The second, and perhaps most notable, aspect is the reality that “the definition of what constitutes a security is a bit nebulous”:

“Unlike many other countries, we do not have an exclusive list of what counts as a ‘security.’ The term of course includes stock, bonds, debentures, notes, puts, calls, and other classic ‘security’ instruments, but it also includes ‘investment contracts.’ The courts have defined the investment contract category of securities by considering whether it encompasses particular assets presented in litigation. In the grandfather of these cases, SEC v. Howey, our Supreme Court established a test for determining whether something was an investment contract and therefore a security under our laws. Howey involved interests in an orange grove, so it is clear that an instrument need not look, smell, or taste like a traditional security in order to be deemed one by our laws. Under Howey, something—including something that is a digital asset—is a security if it involves an investment in a common enterprise with an expectation of profits derived solely through the efforts of others.”

Within this nebulous framework, Commissioner Peirce pondered how tokens required to be issued as securities might eventually transition to the point of decentralization where they cease to be securities.
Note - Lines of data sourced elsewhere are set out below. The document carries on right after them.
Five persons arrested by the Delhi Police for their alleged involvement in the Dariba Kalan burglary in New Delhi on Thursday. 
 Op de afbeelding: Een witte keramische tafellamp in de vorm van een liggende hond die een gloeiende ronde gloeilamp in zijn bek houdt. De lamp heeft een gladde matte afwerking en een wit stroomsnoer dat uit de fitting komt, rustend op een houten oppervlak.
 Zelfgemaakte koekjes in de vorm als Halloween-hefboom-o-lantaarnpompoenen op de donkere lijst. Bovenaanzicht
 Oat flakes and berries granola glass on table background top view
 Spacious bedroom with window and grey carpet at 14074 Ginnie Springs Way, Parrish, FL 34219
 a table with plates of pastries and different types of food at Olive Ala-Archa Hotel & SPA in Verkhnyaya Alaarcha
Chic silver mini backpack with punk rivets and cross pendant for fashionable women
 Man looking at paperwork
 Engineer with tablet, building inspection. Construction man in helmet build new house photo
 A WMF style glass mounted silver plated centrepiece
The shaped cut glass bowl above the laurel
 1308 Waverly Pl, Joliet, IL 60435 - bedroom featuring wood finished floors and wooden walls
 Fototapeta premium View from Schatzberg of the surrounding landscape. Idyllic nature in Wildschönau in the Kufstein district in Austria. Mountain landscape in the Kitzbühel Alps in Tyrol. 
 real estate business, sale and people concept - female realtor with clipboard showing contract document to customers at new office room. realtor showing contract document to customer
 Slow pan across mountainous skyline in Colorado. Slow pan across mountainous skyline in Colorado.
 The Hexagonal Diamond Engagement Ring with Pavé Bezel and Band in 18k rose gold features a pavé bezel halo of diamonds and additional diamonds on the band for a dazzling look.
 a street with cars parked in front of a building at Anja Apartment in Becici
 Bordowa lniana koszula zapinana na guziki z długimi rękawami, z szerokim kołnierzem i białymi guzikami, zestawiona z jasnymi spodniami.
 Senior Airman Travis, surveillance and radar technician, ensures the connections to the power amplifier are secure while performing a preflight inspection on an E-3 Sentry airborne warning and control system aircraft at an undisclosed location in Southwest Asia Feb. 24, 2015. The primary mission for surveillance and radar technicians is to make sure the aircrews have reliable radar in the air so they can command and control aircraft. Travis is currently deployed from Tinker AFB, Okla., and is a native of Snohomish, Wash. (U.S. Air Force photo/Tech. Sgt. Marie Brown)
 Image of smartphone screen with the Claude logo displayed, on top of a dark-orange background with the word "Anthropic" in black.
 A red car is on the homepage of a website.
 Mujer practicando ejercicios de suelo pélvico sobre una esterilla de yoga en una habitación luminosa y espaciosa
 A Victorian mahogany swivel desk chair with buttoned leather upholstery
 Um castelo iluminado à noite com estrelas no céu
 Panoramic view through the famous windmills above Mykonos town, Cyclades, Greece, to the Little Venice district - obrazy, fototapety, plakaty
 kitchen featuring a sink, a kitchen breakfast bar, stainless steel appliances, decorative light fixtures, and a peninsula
She subsequently posited certain preliminary pillars of a safe harbor exemption for tokens to help facilitate such a transition:

  • “[a] non-exclusive safe harbor for the offer and sale of certain tokens” that would “permit issuers to offer tokens under an alternative regime with robust requirements”;
  • a “time-limited” exemption that would “guard against reliance on the safe harbor by projects without a workable plan to build operational networks”;
  • permits trading in order to “get tokens in and out of the hands of developers and users”;
  • “open digital token offerings to facilitate participation in open-source software development”; and
  • disclosure requirements “important to purchasers of tokens intended for use in open-source networks” (for example, “providing clear disclosure of the assets’ functionality, including the mechanisms for changing holders’ rights and explaining how funds are to be used”).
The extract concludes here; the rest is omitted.